Manufacturers therefore have come to accept that quality takes time and comes at a price, and while they build these factors into their production schedule and pricing models, they inevitably still experience inconsistency and supply issues.

But in terms of sheet metalworking at least, there is a way to find a more satisfactory balance to the cost, quality and speed equation.

Let’s consider the process, from R&D all the way through to production and supply.

First, there’s the question of design and creating a prototype to ensure the correct tolerances and that the component is fit for purpose. This involves tooling and a degree of trial and error, potentially adding time and cost to the process, especially if the chosen material behaves in unexpected ways.

As every metal has distinctive qualities, and every design is unique, this is not uncommon. For example, aluminium, a soft metal, and titanium, a hard one, are both known to present specific challenges which can be costly to resolve.

Mechanical equipment including stamping and water jetting can shear, crush or damage metal edges

Then there’s the actual cutting itself. Mechanical equipment including stamping and water jetting can shear, crush or damage metal edges. Laser cutting uses heat which can also affect the metal.

While these issues may be minimal and can be easily resolved, they nonetheless add another layer of complication. Burring, a feature of metal stamping, presents a similarly common challenge, calling for barrelling, linishing or electromechanical intervention to achieve the desired quality.

At every step of the process there are potential issues which can create additional cost, delays and lead-time uncertainty, any of which is problematic.
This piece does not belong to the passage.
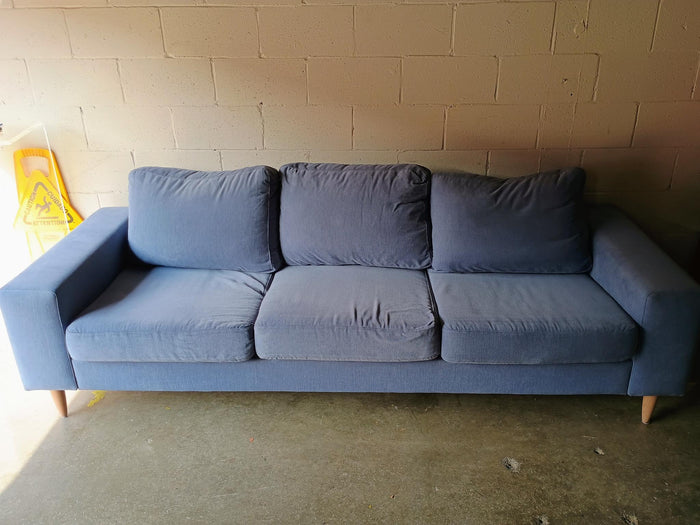 Modern Sofa in Light Blue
Reducing complexity with photochemical etching

The root cause of this uncertainty is complexity, which usually translates into cost. The easiest way to combat this is through simplicity – such as that presented through photochemical etching.

More commonly referred to as chemical etching or photo etching, it’s a ‘subtractive machining process’ where components are printed on specially coated metals using UV light before selectively etched from the sheets. It has similarities with printing, except in 3D.

Capable of producing highly complex components, photochemical etching can be used on virtually any metal (with a thickness up to 1.5mm), and on sheets up to 1500mm in length.

Offering unlimited geometric customisation and infinitely repeatable accuracy, it’s perfectly suited to the speedy production of even the most intricate designs and is widely used across industry, even for the most extreme applications.

While the technology might be complex however, the process itself is streamlined, resulting in a highly cost-effective solution.

Fast, flexible prototyping in days

Digital tooling reduces the costs and time associated with the physical process. Similarly, during prototyping, engineers pay by the sheet of parts, minimising expenditure. And as all component features are etched at the same time – without burring – there’s no further cost for additional processes.

Batches of components can be processed from a single tool in one production run. As a consequence of all this, timeframes can be telescoped from weeks and even months into a matter of days – and sometimes even hours.

Conclusion

While other methods of metalworking – such as stamping, punching and laser and water-jet cutting – are quite capable of delivering a high-quality end-product, the key question is how well they stack up against the cost, quality and speed model. The answer is less well than photochemical etching.

By introducing simplicity into the process, chemical etching enables the cost-effective delivery of precision components, reducing risk and uncertainty throughout the supply chain.